Photo by Florian Pérennès

Minimum Expectations for Open Data in Research

Open data allows people to independently check a paper’s analysis or perform an altogether new analysis. It’s also a way of allowing future work to perform meta-analyses and ask questions that may not have been asked in the original paper. Therefor, it’s important to make experiment data public, provide it completely, and make it accessible for it to be useful to others.

But many missteps can happen that reduce the value of open data. These tips should help ensure that your data is indeed open, useful, and accessible.

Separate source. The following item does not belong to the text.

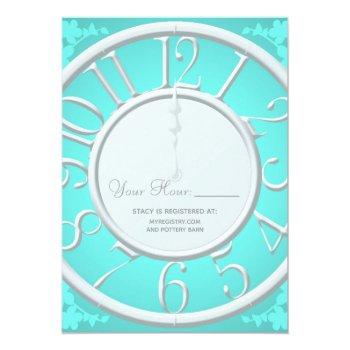 Teal Floral Around The Clock Bridal Shower Invite Front View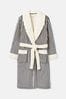 Joules Matilda Navy & White Fleece Lined Striped Dressing Gown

Provide at least the minimum information

Experiment data should include an entry for each trial, usually as a row in the table. It shouldn’t be aggregated by condition or by subject. Here is a minimum set of columns that would be appropriate for most experiments:

  • Subject ID – Remember to keep it anonymous. No names, mTurk IDs, or IP addresses.
  • Trial number – Even though trials are usually recorded in order, it’s best to make this explicit.
  • One column for each independent variable – It should be possible to reconstruct the trial.
  • A column for each raw measurement – This means raw responses (e.g. whether the subject pressed left or right), not their accuracy or some other processed information.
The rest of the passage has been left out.